__Directions__: All lines from the entries below that contain the string "Lighting" should be copied out.

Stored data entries
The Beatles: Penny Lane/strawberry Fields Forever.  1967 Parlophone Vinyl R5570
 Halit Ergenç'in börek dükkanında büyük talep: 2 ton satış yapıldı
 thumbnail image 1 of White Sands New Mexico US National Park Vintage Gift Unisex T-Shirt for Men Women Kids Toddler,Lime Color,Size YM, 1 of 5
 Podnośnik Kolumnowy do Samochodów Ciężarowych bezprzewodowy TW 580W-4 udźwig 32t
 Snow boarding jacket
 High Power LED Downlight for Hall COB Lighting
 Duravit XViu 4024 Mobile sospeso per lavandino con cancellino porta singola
...
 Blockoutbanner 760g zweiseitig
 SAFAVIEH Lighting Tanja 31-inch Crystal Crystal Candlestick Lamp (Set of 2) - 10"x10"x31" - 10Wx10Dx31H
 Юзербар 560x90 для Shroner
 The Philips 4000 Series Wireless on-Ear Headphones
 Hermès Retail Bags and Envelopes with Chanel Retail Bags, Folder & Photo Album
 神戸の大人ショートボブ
---
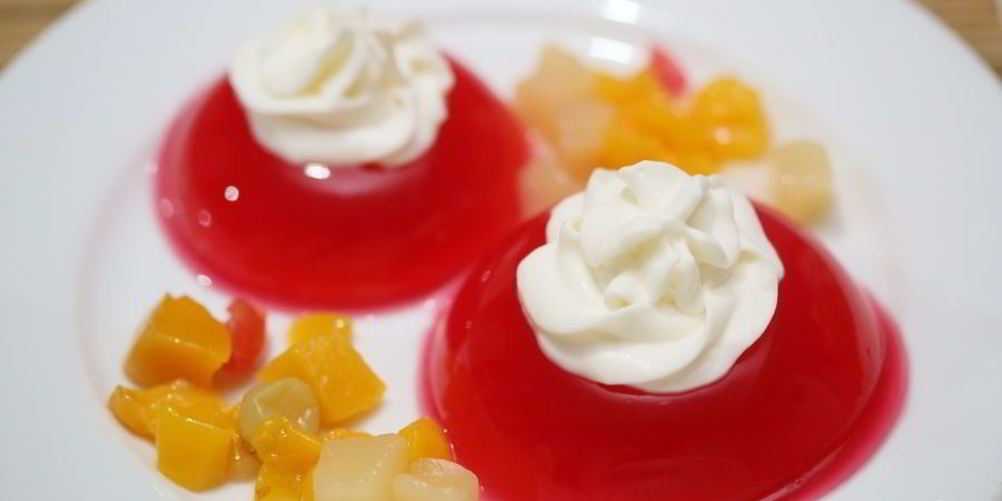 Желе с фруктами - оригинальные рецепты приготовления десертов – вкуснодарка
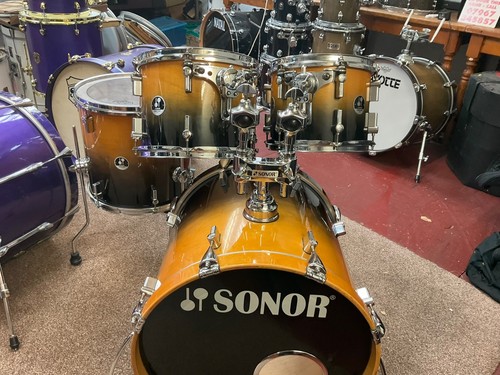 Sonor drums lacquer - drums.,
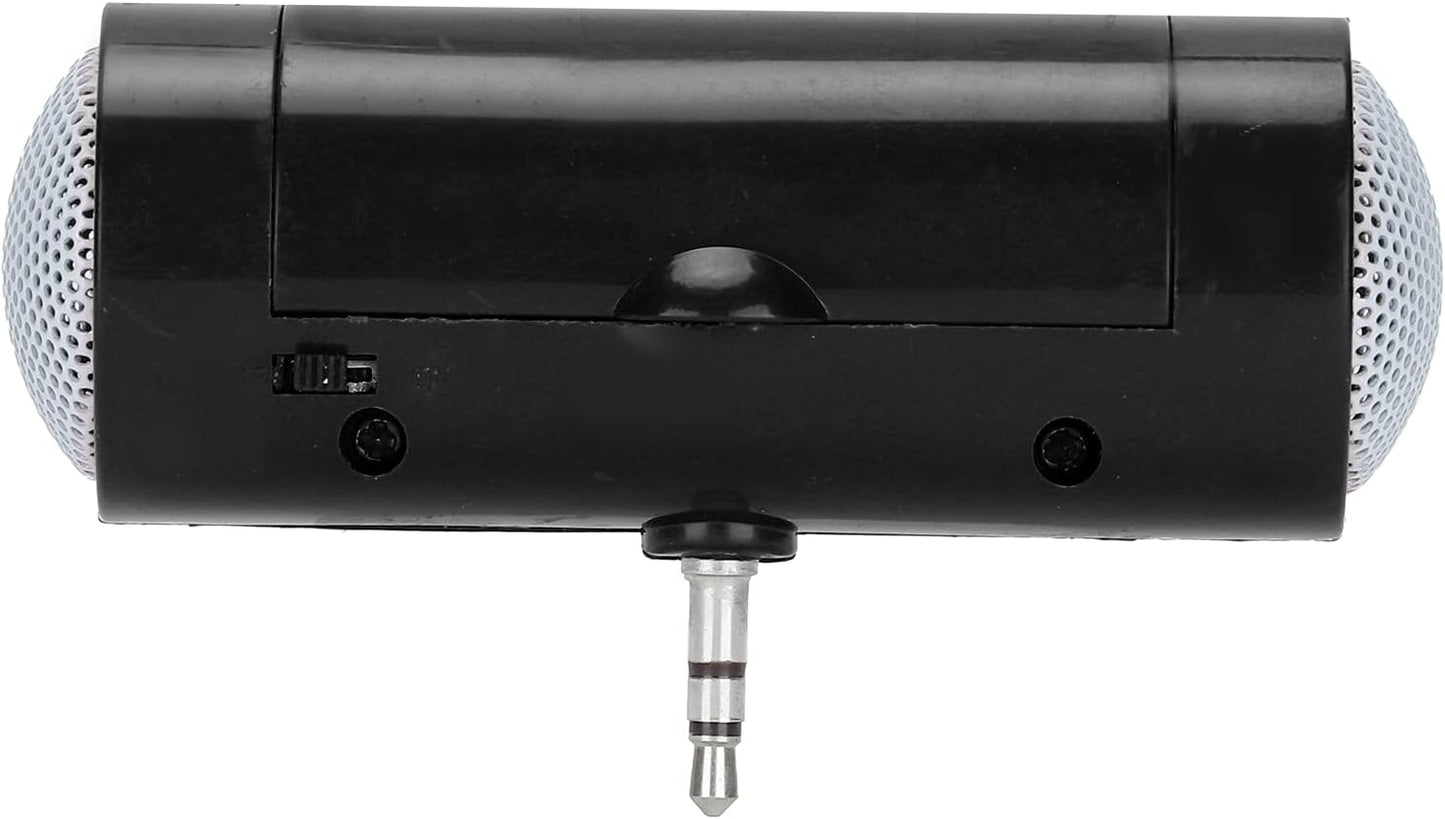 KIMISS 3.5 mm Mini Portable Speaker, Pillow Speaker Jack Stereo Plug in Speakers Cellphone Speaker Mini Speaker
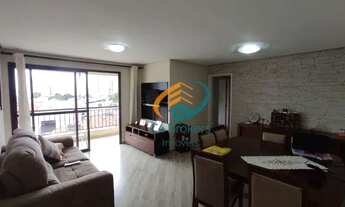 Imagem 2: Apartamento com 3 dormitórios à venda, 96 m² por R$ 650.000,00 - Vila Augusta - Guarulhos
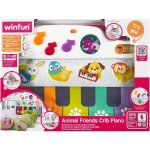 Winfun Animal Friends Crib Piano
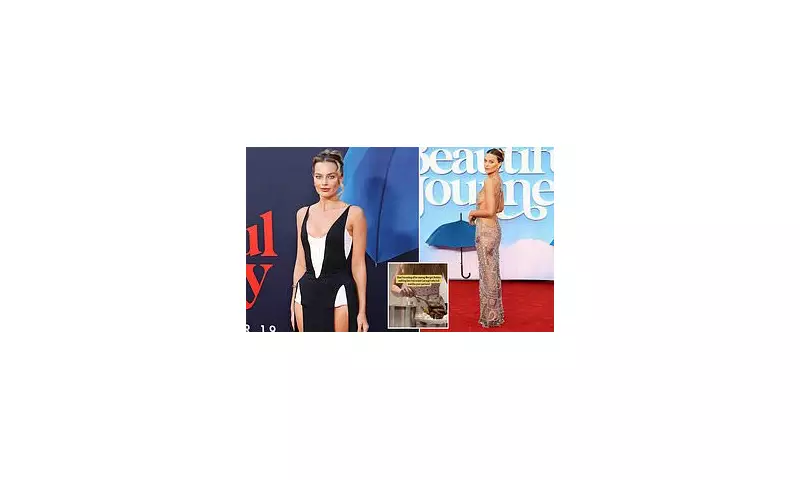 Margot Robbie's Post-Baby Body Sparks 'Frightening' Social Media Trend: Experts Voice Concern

__Result__:
 High Power LED Downlight for Hall COB Lighting
 SAFAVIEH Lighting Tanja 31-inch Crystal Crystal Candlestick Lamp (Set of 2) - 10"x10"x31" - 10Wx10Dx31H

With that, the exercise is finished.